日本の新築価格は正常か。

 昨日、近所を散歩していたら建前をしていた。一部総二階の延べ床面積40坪前後と思われる瀟洒な家のようだった。クレーン車が敷地に入り、道路に止めた大型トラックに満載されたパーツを吊り上げては基礎の上に手際良く建ち上げて行く。
 米国流のなんととかいう宣伝文句のプレハブのようだが、軽々と吊り上げられた部材を見ると厚めのコンパネに胴ブチを打ちつけた壁様のブロックを組み合わせ、大型ホッチキスのような器具で釘をコンプレッサーの空気圧で打ち込み固定している。あたかも芝居の大道具だも組み立てるような手軽さで見る見る家が形作られていった。

 クレーンで吊上げられる部材には断熱材も内壁も何もなかったので、おそらく組み立てた後に内側のコンパネを張り内側にウレタン樹脂のような注入すれば数十倍に膨張し気泡の巣になる素材をコンプレッサーで注入するのだろう。そして外側には木造用へーベルを張り、内壁にはクロスを張って出来上がりといった段取りになるのだろう。
 それならいかに高価な施設を家に備えつけようと原価は総額で1000万円を超えることはないはずだ。しかし消費者が買っている金額はその二倍半から三倍、酷い時には4倍以上の金額で建築契約を結んでいるようだ。だがプレハブ住宅の酷さは昨日見かけた住宅メーカーだけの話ではないようだ。

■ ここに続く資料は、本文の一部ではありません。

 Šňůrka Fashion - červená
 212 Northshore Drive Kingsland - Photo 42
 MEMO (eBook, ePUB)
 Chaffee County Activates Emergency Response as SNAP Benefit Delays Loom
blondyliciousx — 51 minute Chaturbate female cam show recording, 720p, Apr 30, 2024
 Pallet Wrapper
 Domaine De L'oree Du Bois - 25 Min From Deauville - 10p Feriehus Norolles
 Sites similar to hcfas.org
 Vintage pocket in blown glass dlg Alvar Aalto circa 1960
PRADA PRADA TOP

 ある住宅メーカーは軽量鉄骨を骨組みにして合板を張り付けて「家」だと称しているし、ある住宅メーカーはコンパネを張り合わせた板を接着剤で張り合わせて「家」だと称している。そのいずれもが坪単価当たり60万円から80万円もの価格を顧客に提示しているというから驚きだ。
 普通の設備を嵌め込んだとしたら金の便座でも設置しない限り、建築総額が普通の家の建て坪30から40坪で原価が2000万円を超えるのは異常だというしかない。そういえば今度周南市で徳山駅ビルを建て替える総予算が95億円と聞いて目が飛び出た。坪単価換算で150万円だという。都内の高級マンションでも坪単価150万円の建築費はあり得ない。占有面積が30坪ならそれだけで4500万円となり、土地代や共有スペースの建築費やマンション業者の広告宣伝費や利益を考慮すると販売価格は一憶数千万円となるだろう。しかしマンションならシステムキッチンやユニットバスや高級玄関ドアなどから配管や間仕切りと駅ビルとは比較にならないほど原価が嵩む。すると公共事業費がいかにデタラメかお分かりだろう。

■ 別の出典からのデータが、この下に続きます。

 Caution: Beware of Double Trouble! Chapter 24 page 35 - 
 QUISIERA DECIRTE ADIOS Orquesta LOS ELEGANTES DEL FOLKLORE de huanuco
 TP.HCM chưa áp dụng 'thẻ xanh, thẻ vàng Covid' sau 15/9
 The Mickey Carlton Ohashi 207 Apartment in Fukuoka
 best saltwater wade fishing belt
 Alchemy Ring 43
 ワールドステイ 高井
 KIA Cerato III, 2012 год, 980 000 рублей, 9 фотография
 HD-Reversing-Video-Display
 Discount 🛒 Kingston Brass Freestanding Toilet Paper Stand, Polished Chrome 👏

 この国の住宅建設費は常軌を逸している。国民は異常なほど吊り上げられた高額な住宅を買わされている。確かに契約は「売った、買った」によって合法的に成立するが、消費者に適正情報を与えないで売買させるのが合法的な取引といえるだろうか。
 この国のマスメディアは腐りきっている。消費者の利益を擁護しても一銭の得にもならないが、住宅メーカーの原価構造に触れなければ莫大な広告宣伝費を手に出来る。そうした理屈の上に原発報道や公共事業の談合疑惑報道も絡まっていると考えるしかない状況が続いている。だいたい平均落札率が95%を超えている地方自治体や中央官庁で入札談合疑惑を追及する声が寂として出て来ないのはマスメディアもその一員に加わっている証拠ではないだろうか。

 消費者庁という官庁があるが、どうやらそれは「原子力規制委員会」と同じ「羊頭狗肉」官庁の一つのようだ。
 昨日の朝の散歩が奇しくも嫌な散歩になった謂れを、ここに書き記してみた。